Last July, The Lactation Education, Accreditation and Approval Review Committee (LEAARC), International Lactation Consultant Association® (ILCA®), and International Board of Lactation Consultant Examiners® (IBLCE®) hosted a Lactation Summit. The Summit was the first event of a multi-year initiative to explore equity and diversity in the lactation consultant profession.
The 2014 Summit brought together important voices from diverse ethnicities and perspectives to share real-life experiences, obstacles, and challenges of underrepresented groups across the globe. The proceedings served as a Needs Assessment to identify the issues, barriers, and stakeholders involved in equitable access to the lactation consultant profession. The day-long meeting included listening sessions and small workgroup activities to identify barriers and potential strategies for devising an action plan to address inequities that limit access to the profession.
Those proceedings have been summarized in a Summary Report. In the report IBLCE, ILCA, and LEAARC all express profound gratitude to those who “came from around the world speaking in support of the underrepresented voices by courageously sharing their own truths.”

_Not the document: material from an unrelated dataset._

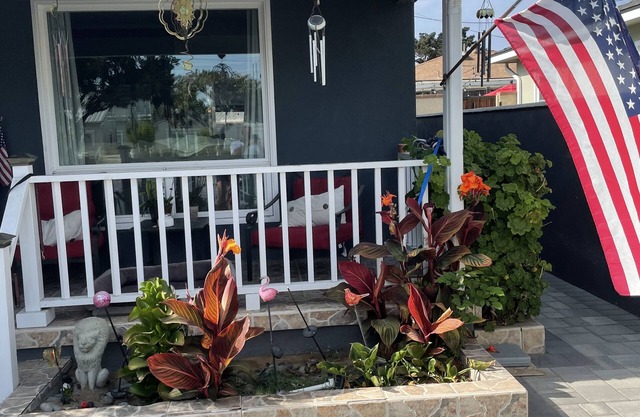 Super private and cozy studio , 5 min drive to beach.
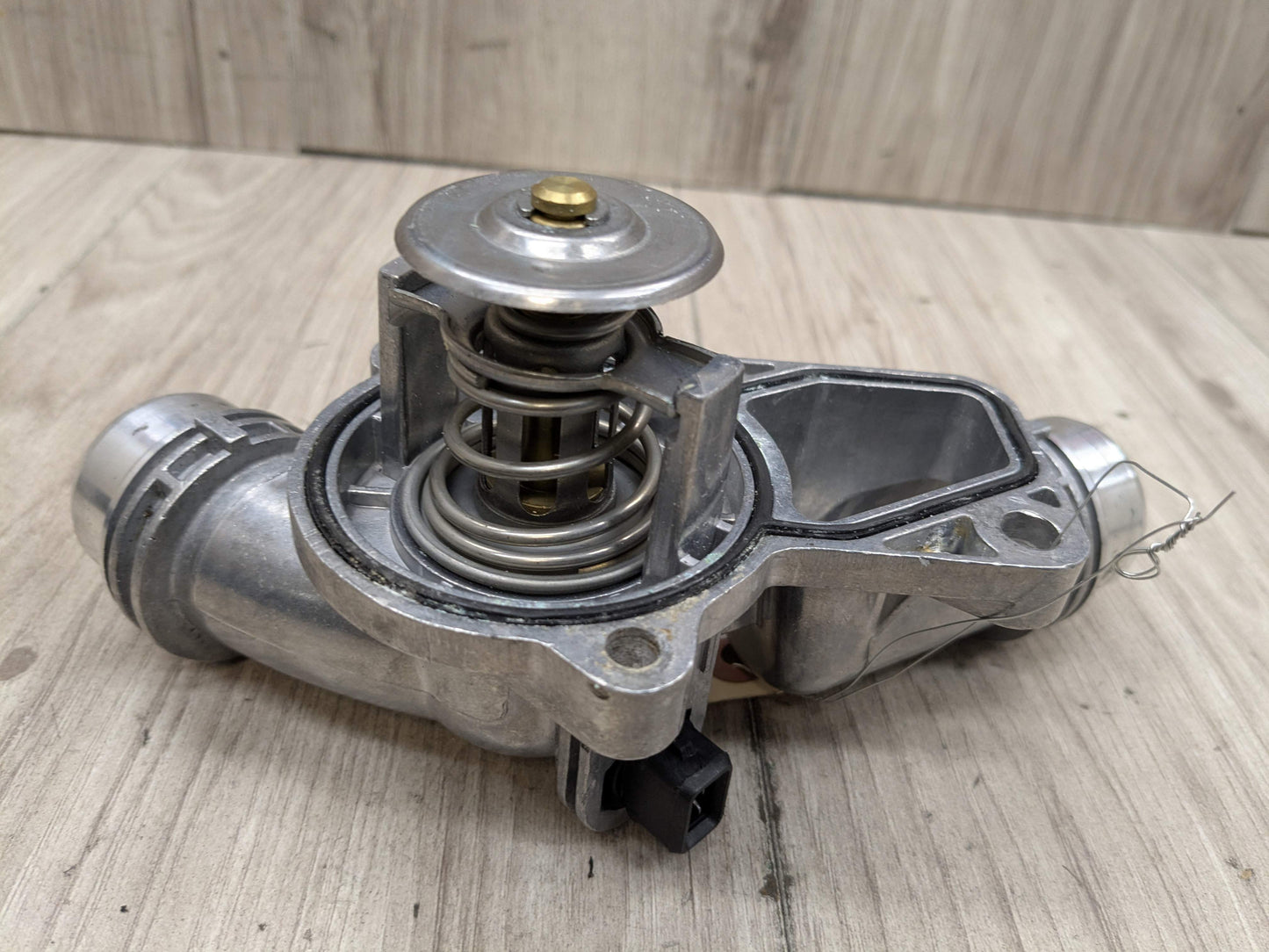 BMW E36 E39 E46 E53 E60 E83 E85 X3 Z4 Engine M54 Aluminum Thermostat Housing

We are sharing the summary of those proceedings with the goal to disseminate the voices who spoke, gather new voices, and listen to new feedback and input. We hope that you will share this document widely with anyone you think can benefit from hearing these perspectives or can add new insights.
Your impressions, feedback, and responses to the Summary Report are welcomed and encouraged. Please share those here. Your feedback will be shared with the Summit Design Team.
As the convening organizations said in a joint statement following the Summit: “This Summit was an important first step, and there is more to hear, to learn, and to do. We are deeply committed to continuing this conversation and dismantling the barriers that prevent access to the IBCLC profession worldwide as we work together for equitable solutions. We call on all of our constituents and partners to join us in this important work.”
Find the Lactation Summit Report here
Find the Lactation Summit Report: Executive Summary here
Please help us spread the word and gather new input by sharing this widely with anyone who may have input or insights to share. Thank you.
I am thrilled that this excellent report is available for the public to review and comment upon.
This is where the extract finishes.